| DESCRIPTION OF THE TASK |
Without any pictures, print the lines below from the one that has "My name is Zan" through the one that has "Hi guys, today", exactly and nothing else.

| INFORMATION |
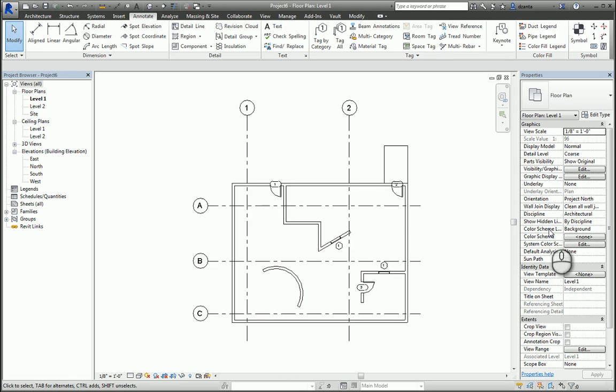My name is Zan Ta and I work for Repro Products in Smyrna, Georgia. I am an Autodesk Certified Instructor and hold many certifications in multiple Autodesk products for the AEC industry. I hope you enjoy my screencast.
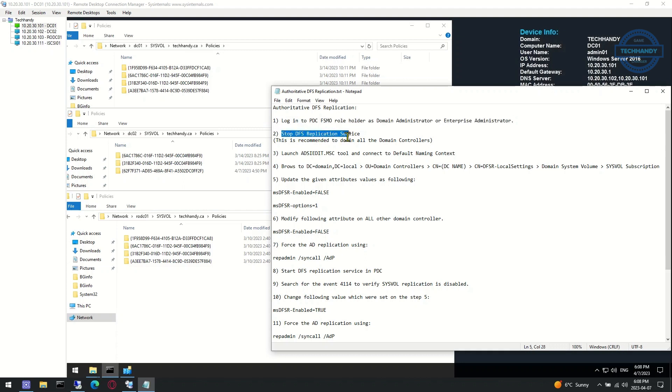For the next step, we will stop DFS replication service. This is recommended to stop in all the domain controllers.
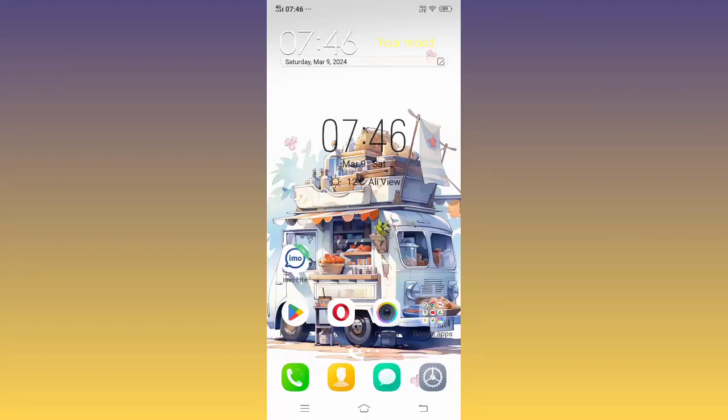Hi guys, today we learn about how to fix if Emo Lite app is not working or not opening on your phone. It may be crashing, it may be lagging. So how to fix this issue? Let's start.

==

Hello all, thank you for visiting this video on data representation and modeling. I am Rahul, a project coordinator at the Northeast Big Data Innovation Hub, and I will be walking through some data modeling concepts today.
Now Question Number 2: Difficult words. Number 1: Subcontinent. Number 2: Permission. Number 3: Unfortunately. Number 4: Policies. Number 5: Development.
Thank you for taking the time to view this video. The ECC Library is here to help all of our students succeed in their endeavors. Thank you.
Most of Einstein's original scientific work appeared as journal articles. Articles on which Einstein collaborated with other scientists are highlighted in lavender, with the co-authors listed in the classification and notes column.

| SOLUTION |
My name is Zan Ta and I work for Repro Products in Smyrna, Georgia. I am an Autodesk Certified Instructor and hold many certifications in multiple Autodesk products for the AEC industry. I hope you enjoy my screencast.
For the next step, we will stop DFS replication service. This is recommended to stop in all the domain controllers.
Hi guys, today we learn about how to fix if Emo Lite app is not working or not opening on your phone. It may be crashing, it may be lagging. So how to fix this issue? Let's start.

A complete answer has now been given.